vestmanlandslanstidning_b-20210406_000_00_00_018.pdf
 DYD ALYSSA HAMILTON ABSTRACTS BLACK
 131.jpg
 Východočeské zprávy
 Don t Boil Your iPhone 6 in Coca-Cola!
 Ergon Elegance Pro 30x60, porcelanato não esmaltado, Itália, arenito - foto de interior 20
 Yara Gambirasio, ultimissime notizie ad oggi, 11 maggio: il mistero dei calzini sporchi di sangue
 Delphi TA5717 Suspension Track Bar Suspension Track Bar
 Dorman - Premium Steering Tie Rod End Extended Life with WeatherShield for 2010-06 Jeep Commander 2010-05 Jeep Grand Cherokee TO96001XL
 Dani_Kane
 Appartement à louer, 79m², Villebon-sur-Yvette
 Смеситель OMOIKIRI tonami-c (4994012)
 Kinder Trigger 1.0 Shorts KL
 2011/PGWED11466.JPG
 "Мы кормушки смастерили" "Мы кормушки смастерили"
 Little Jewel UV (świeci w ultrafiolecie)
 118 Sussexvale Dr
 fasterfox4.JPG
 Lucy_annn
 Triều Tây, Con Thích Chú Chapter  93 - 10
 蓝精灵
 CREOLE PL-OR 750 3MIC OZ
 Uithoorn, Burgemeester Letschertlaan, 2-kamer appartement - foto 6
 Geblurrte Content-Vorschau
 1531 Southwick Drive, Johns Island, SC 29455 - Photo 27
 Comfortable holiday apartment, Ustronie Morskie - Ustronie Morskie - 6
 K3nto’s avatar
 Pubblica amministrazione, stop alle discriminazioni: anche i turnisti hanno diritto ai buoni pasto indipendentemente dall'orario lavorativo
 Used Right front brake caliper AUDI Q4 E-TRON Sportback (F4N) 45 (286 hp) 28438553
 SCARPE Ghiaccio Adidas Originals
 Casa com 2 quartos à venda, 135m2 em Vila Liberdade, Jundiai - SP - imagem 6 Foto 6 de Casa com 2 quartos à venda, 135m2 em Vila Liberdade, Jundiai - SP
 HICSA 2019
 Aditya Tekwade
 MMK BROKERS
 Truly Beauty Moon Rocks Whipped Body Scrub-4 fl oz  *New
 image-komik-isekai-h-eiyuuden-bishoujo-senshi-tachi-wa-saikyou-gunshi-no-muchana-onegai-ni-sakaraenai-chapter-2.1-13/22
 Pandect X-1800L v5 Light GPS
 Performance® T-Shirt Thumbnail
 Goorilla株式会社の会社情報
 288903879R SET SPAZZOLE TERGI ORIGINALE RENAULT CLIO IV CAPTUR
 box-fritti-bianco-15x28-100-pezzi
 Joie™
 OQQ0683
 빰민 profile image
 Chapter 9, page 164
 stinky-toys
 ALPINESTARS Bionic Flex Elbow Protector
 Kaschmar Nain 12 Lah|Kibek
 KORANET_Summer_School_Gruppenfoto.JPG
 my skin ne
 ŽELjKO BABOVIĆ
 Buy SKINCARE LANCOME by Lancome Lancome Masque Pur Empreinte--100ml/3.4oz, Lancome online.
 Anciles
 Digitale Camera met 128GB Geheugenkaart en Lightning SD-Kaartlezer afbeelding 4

________________________________________

◆ What to do: Above this instruction are the records; retype exactly the lines from the one containing "CREOLE PL-OR 750 3MIC OZ" up to and including the one containing "Aditya Tekwade".

◆ Task output:
 CREOLE PL-OR 750 3MIC OZ
 Uithoorn, Burgemeester Letschertlaan, 2-kamer appartement - foto 6
 Geblurrte Content-Vorschau
 1531 Southwick Drive, Johns Island, SC 29455 - Photo 27
 Comfortable holiday apartment, Ustronie Morskie - Ustronie Morskie - 6
 K3nto’s avatar
 Pubblica amministrazione, stop alle discriminazioni: anche i turnisti hanno diritto ai buoni pasto indipendentemente dall'orario lavorativo
 Used Right front brake caliper AUDI Q4 E-TRON Sportback (F4N) 45 (286 hp) 28438553
 SCARPE Ghiaccio Adidas Originals
 Casa com 2 quartos à venda, 135m2 em Vila Liberdade, Jundiai - SP - imagem 6 Foto 6 de Casa com 2 quartos à venda, 135m2 em Vila Liberdade, Jundiai - SP
 HICSA 2019
 Aditya Tekwade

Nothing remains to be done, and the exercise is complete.